SNOW-2057867 refactor BindUploadAgent to make it work for Python sprocs#2303

Merged
sfc-gh-zyao merged 10 commits intomainfrom
zyao-SNOW-2057867-refactor-stage-bind-to-make-it-work-for-sprocs
May 12, 2025
Merged

SNOW-2057867 refactor BindUploadAgent to make it work for Python sprocs#2303
sfc-gh-zyao merged 10 commits intomainfrom
zyao-SNOW-2057867-refactor-stage-bind-to-make-it-work-for-sprocs

Conversation

@sfc-gh-zyao
Copy link
Contributor

  • relax the condition of using stage solution for array bind (so we will use bind_size >= threshold instead of bind_size > threshold)
  • use _upload_stream to implement BindUploadAgent

Tests

  • the new test_direct_file_operation_utils.py to validate parse_file_operation for _upload and _upload_stream
  • existing test test_bindings.py to make sure the change does not break existing bind upload logic

Please answer these questions before submitting your pull requests. Thanks!

  1. What GitHub issue is this PR addressing? Make sure that there is an accompanying issue to your PR.

    Fixes #NNNN

  2. Fill out the following pre-review checklist:

    • I am adding a new automated test(s) to verify correctness of my new code
    • I am adding new logging messages
    • I am adding a new telemetry message
    • I am modifying authorization mechanisms
    • I am adding new credentials
    • I am modifying OCSP code
    • I am adding a new dependency
  3. Please describe how your code solves the related issue.

    Please write a short description of how your code change solves the related issue.

  4. (Optional) PR for stored-proc connector:

- relax the condition of using stage solution for array bind (so we will use bind_size >= threshold instead of bind_size > threshold)
- use _upload_stream to implement BindUploadAgent

### Tests
- the new test_direct_file_operation_utils.py to validate parse_file_operation for _upload and _upload_stream
- existing test test_bindings.py to make sure the change does not break existing bind upload logic
@sfc-gh-zyao
Copy link
Contributor Author

sfc-gh-zyao commented Apr 28, 2025

Update: the following content is obsolete now, because we simplified this PR and removed these premature optimization in latest commit.

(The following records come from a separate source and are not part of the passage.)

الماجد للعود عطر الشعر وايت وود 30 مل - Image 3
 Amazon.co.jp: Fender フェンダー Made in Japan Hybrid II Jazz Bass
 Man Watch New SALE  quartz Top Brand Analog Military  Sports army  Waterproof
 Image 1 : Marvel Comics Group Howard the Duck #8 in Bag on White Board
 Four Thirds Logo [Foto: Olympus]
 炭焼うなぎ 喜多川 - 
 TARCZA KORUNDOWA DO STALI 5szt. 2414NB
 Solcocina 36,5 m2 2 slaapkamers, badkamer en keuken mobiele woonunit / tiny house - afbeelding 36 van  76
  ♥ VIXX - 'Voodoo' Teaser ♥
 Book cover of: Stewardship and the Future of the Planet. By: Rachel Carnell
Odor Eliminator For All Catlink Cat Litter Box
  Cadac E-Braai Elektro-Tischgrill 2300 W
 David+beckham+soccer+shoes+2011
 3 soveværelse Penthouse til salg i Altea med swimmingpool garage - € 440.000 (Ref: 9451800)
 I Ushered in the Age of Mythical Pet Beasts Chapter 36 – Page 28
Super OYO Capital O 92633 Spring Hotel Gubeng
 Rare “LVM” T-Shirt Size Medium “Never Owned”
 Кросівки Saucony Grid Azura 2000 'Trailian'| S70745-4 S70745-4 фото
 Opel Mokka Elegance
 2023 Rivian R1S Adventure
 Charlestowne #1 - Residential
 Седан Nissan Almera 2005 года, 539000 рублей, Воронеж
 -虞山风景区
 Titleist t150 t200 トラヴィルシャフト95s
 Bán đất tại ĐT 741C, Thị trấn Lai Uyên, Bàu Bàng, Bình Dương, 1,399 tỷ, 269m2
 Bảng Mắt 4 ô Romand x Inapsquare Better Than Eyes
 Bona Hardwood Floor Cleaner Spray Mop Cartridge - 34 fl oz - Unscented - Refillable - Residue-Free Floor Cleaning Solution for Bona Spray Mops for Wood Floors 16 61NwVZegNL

(@sfc-gh-sfan 's comment, copied from the old PR #2300 (comment)):

This does not look like a pure refactor. We do an assertion, a file name split and some escaping. These do not exist in the original code. Why are they required?
  • for the assertion: it is a fool-proof mechanism, to make sure when users are doing stream upload, they don't pass in a non-empty local_file_name. But maybe it is unnecessary? Because when users call _upload_stream, there is no way for them to provide a standalone local_file_name anyways, by the definition of the interface.
  • for the file name splitting: it is an existing thing for sprocs and we want to keep the same behavior here. (I provided more context down below)
  • for the escaping: (assuming you mean the escaping for stuff inside 'file://...') it is to avoid the risk of SQL injection without changing what is allowed in local file path. From a high level (forget about stage name biding for now), we pass SQL like PUT 'file://<some_local_file_path>' @stage_foo (note the quotes surrounding the entire local file path, as a SQL injection prevention strategy). And we want to make sure the quotes in user-provided local file path still works as intended, by doing the escape (user could have local file name like, /dir'foo/test.txt, without escaping this becomes 'file:///dir'foo/test.txt', which is incorrect)

Context:
_upload_stream method's behavior is that user passes in input_stream, stage_location as input, where we derive the file name from stage_location (We need a file name because stream itself does not contain file name, and we need a name for each file in stage)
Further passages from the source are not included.